Greater tax authority to provinces
Greater tax authority to provinces
By J. S. Uppal
YOGYAKARTA (JP): The finance minister has raised very
interesting proposals on the amendment to the regional tax laws
providing greater tax authority to provincial and central
governments in exercising control over the taxing powers of the
proposed autonomous regions.
According to the report, as published in this newspaper on
Oct. 13, while the amendment would allow the provincial regency
and mayoralty administration to issue their own rulings to
collect taxes and levies that meet certain criteria, the central
government would have the power to "overrule a ruling if it were
against the public interest or the more superior law."
Then the provincial governments would have powers to
redistribute tax revenues from one region to another with less
potential within the province. Elaborating the proposed
amendment, it is claimed that the proposed amendment would meet
the "principle of good tax policy".
While we do not have any more details of the proposed
amendment, there are several ambiguities and contradictions in
the proposals. First, it seems that while the regions (districts
and municipalities) have been granted wide powers to tax within
their jurisdictions, they will be constrained by the provincial
governments on the basis of "good tax policy", "meeting certain
criteria" and for "redistribution of revenues amongst districts".
No where can one find an interpretation on what is good tax
policy; what are the "certain criteria" that will determine the
revenue redistribution within regions. To me the existing
confusion on the question of inter-governmental finance has been
further confounded.
On the basis of the proposed amendment, regions will not know
what exactly are their taxing powers and the province will always
be wondering when and how should they interfere in their regions'
finances.
Then the central government will not know exactly when and how
to overrule the provinces and regions. The government has thus
not yet come up with clear cut ideas on some vital questions on
the distribution of fiscal resources within various jurisdictions
-- while the fiscal autonomy law is supposed to take effect in
little more than two months.
As the sun rises on January 1, 2001, all the district level
governments will celebrate their new autonomy, but they will be
confronted with confusion on the matter of their expenditure and
revenue powers.
This may make a big mess of the whole question of regional
autonomy.
Although Indonesia has passed several laws on regional
autonomy and it may be difficult to go back to make a fresh
start, it is important to be clear on the following aspects of a
sound principles on intergovernmental fiscal relations:
o What exactly is the pattern of intergovernmental fiscal
relations between the different jurisdictions?
o What exactly are the taxes and fees which different
jurisdictions can assess and on what basis will the central
government tax revenues (particularly income and value added
taxes) be shared with lower level governments?
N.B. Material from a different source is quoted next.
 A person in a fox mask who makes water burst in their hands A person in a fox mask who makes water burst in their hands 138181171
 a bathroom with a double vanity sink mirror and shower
o On what basis will the provinces equalize tax resources
among their regions?
After all, Indonesia is not the first country to decide on the
above questions. Like Indonesia, other countries also have great
diversities in resource distribution. There also exist separatist
tendencies in other federations.
We have different case studies of well functioning federations
with clearly defined principles of resource sharing and spending
powers in various jurisdictions.
There is the model of the United States of America, where
local governments have virtual fiscal autonomy in revenue and
spending. The distribution of federal revenues is well defined
and Federal funding procedures are clearly defined.
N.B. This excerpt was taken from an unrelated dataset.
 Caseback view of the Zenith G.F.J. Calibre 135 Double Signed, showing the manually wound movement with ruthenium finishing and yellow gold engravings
The states have definite formulas for revenue sharing and
equalization of expenditures on certain items like education. The
expenditure pattern of various levels is clearly delineated.
Then we have the case of India, where there is limited
autonomy for states and local governments. There is clear cut
distribution of taxes to be levied by different jurisdictions.
For distributing central income tax revenues, there is a clearly
defined set of criteria which is regularly reviewed by Finance
Commissions, appointed after a set number of years on the basis
of thorough review of the past years experience.
In the middle is the case of Canada, which is more like India
but with little less fiscal autonomy in the provinces.
What Indonesian policy makers need is to first decide which of
the above models to consider based on goals and objectives. Then,
following that model, the policy makers should clearly define the
distribution of revenue sources for different jurisdictions and
devise formulas to distribute central resources amongst lower
level jurisdictions, and formulate principles for equalization of
tax revenues amongst regions on the basis of fiscal needs and tax
efforts.
We should avoid using vague criteria of "pubic interest" "good
tax policy" and so on; they may sound good but have no
operational relevance for policy makers.
It is still not too late for our policy makers to put their
heads together and come up with answers to the above questions.
On this vital issue of fiscal autonomy, there should be national
consensus. All political parties should cooperate to avoid any
future chaos in the already sensitive atmosphere in the country
on the question of regional autonomy
Dr. J. S. Uppal is a professor of economics, State University
of New York at Albany, New York. Presently he is at the Gadjah
Mada University, Yogyakarta as a visiting professor.